An improved UAV-borne DInSAR baseline estimation method based on interferometric phase period

doi:10.7523/j.ucas.2022.053

Abstract

Abstract: UAV (unmanned aerial vehicle)-borne differential interferometric synthetic aperture radar (SAR) has unique advantage and has attracted the attention of key research institutions at home and abroad in recent years. Baseline is a crucial parameter in differential in DInSAR processing, which is directly related to the accuracy of interferometric measurements. Compared with space-borne InSAR, UAV platform is difficult to keep the flight at the same track, and the flight attitude are unstable, which brings great difficulties to the baseline estimation of UAV-borne DInSAR. In this paper, starts from the characteristics of UAV platform and application scenarios, an improved baseline estimation method is proposed. This method derives the relationship between the interference phase period, the slant range, the distance between two ground points, and the phase difference through the interference geometric relationship.
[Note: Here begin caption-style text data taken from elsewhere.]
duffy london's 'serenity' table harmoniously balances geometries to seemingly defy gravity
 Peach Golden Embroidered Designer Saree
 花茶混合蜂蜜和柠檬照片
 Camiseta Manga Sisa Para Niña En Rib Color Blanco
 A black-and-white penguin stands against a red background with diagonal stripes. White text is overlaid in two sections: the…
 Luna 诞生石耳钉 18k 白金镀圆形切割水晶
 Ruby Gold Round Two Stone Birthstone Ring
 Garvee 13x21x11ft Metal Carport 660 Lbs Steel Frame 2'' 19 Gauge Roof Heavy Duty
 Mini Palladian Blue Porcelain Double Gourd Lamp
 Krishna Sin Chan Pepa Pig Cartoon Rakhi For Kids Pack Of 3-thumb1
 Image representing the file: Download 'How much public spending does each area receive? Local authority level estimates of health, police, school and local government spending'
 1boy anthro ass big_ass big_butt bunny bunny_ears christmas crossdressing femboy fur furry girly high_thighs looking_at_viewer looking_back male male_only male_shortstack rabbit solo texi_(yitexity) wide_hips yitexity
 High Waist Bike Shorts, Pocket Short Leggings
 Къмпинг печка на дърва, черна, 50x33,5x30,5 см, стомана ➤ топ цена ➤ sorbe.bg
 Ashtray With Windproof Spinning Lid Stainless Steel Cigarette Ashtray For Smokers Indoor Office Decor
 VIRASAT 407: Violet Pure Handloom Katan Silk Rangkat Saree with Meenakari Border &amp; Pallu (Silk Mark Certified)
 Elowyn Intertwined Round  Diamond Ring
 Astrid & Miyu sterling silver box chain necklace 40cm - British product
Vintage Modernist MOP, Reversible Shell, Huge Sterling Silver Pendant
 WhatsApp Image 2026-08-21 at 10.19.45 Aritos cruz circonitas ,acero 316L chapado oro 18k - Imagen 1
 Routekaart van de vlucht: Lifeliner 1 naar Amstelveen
The distance between the two points is then substituted into the known parameters for baseline estimation using the least squares method. Comparing the simulation results and the actual data results of the original method and the improved method, it shows that the accuracy and robustness of the baseline estimation results of the improved method are significantly improved.

Key words: UAV, DInSAR, baseline estimation, mini-SAR

CLC Number:

TP751.1

ZHANG Tong, QIAO Ming, DANG Xiangwei, ZHONG Shengyiliu. An improved UAV-borne DInSAR baseline estimation method based on interferometric phase period[J]. Journal of University of Chinese Academy of Sciences, 2024, 41(1): 88-96.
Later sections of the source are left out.